Rudolf Steiner:
14. The second form of the ‘I’ — first of the three forms that were indicated in the last section — appears as a ‘picture’ of the I. When we become aware of this picture-character, a light is also thrown on the quality of thought in which the ‘I’ appears before the ordinary consciousness. With all manner of reflections, men have sought within this consciousness for the ‘true I.’ Yet an earnest insight into the experiences of the ordinary consciousness will suffice to show that the ‘true I’ cannot be found therein. Only a shadow-in-thought is able to appear there — a shadowy reflection, even less than a picture. The truth of this seizes us all the more when we progress to the ‘I’ as a picture which lives in the etheric body. Only now are we rightly kindled to search for the ‘I,’ for the true being of man.
15. Insight into the form in which the ‘I’ lives in the astral body leads to a right feeling of the relation of man to the spiritual world. For ordinary consciousness this form of the ‘I’ is buried in the dark depths of the unconscious, where man enters into connection with the spiritual being of the Universe through Inspiration. Ordinary consciousness experiences only a faint echo-in-feeling of this Inspiration from the wide expanse of the spiritual world, which holds sway in depths of the soul.

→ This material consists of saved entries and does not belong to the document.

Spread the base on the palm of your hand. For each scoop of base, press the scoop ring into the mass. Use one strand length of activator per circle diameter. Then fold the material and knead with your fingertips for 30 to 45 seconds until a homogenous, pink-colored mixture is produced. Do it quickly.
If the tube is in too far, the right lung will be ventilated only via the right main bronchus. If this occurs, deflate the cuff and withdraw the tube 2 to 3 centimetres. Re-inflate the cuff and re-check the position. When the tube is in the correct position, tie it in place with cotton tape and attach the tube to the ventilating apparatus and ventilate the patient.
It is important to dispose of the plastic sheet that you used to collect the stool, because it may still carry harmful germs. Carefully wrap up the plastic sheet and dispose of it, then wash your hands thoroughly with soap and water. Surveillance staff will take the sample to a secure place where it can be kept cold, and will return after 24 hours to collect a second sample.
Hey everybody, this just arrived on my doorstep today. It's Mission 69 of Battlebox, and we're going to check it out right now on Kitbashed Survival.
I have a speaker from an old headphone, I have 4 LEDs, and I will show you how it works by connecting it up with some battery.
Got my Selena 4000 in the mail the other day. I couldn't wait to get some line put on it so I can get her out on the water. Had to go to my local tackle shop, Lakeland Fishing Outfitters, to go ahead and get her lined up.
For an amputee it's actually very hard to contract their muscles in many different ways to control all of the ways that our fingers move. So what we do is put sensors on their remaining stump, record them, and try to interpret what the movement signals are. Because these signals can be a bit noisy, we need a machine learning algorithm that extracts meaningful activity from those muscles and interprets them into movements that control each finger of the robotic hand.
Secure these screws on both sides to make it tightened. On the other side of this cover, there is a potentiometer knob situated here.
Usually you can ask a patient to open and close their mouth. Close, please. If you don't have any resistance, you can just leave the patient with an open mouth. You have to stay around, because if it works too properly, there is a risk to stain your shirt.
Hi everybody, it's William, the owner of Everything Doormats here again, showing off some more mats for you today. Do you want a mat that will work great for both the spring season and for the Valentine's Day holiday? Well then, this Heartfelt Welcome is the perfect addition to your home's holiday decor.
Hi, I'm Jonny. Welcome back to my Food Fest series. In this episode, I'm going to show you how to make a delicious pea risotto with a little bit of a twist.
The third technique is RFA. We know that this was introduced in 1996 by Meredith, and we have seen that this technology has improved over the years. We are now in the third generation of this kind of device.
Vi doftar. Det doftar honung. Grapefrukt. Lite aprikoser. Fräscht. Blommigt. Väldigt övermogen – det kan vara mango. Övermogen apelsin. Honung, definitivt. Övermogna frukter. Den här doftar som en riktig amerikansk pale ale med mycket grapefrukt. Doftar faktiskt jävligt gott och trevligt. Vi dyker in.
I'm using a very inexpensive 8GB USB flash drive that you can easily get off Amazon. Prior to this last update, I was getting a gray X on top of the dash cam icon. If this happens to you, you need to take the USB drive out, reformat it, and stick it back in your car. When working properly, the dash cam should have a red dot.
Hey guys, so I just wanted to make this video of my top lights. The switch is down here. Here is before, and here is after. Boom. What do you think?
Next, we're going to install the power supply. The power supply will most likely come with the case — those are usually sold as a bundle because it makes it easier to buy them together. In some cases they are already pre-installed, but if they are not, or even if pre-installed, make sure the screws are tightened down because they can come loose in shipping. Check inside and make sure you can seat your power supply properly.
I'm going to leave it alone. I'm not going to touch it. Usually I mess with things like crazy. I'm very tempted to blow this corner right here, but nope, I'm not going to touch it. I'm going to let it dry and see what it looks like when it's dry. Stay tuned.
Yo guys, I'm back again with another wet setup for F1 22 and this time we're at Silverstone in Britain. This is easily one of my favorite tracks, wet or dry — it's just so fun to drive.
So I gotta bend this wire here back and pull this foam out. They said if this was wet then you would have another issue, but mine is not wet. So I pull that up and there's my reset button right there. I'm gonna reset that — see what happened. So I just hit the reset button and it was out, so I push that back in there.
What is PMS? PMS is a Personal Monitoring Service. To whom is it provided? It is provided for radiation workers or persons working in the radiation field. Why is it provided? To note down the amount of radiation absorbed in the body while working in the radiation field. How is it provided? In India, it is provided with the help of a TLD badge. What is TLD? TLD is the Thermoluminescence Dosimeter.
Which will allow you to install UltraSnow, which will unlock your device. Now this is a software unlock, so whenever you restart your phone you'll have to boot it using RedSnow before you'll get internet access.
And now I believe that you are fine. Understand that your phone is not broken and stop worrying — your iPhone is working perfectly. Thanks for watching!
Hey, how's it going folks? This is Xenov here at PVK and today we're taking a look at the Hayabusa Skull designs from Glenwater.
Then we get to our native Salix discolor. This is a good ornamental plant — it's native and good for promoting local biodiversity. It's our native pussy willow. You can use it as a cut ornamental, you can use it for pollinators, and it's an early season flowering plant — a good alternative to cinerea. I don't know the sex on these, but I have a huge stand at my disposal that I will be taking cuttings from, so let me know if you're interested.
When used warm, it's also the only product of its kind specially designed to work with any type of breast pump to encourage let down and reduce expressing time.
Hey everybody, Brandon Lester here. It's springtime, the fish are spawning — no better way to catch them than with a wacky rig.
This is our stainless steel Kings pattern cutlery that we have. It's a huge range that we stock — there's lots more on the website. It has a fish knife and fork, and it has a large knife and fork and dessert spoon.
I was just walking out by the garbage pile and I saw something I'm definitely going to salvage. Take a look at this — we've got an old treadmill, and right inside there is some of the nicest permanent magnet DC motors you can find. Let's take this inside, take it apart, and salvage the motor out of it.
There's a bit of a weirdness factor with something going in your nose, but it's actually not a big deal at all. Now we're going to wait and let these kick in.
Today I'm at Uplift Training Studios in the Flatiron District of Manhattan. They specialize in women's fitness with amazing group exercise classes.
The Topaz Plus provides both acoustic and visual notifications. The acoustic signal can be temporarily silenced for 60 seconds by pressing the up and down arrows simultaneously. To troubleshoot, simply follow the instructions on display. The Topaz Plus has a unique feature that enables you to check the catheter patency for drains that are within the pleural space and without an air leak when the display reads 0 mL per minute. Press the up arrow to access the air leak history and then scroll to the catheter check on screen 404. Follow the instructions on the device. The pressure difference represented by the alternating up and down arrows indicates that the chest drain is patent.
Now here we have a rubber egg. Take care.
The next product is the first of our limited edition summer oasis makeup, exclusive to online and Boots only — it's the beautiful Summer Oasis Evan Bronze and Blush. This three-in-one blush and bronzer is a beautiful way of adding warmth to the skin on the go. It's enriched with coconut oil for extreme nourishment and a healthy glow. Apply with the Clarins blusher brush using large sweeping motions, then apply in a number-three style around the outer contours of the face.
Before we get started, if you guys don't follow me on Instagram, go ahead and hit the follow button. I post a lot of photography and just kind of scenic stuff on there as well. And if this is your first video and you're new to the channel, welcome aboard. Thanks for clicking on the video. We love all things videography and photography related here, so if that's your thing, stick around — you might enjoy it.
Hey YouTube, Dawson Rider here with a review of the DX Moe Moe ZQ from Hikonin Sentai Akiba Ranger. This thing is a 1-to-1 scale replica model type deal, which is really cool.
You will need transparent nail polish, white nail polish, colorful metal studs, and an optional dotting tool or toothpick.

16. It is the third form of the ‘I’ which gives us insight into the independent Being of man within a spiritual world. It makes us feel how, with his earthly-sensible nature, man stands before himself as a mere manifestation of what he really is. Here lies the starting-point of true Self-knowledge. For the Self which fashions man in his true nature is revealed to him in Knowledge only when he progresses from the thought of the ‘I’ to its picture, from the picture to the creative forces of the picture, and from the creative forces to the spiritual Beings who sustain them.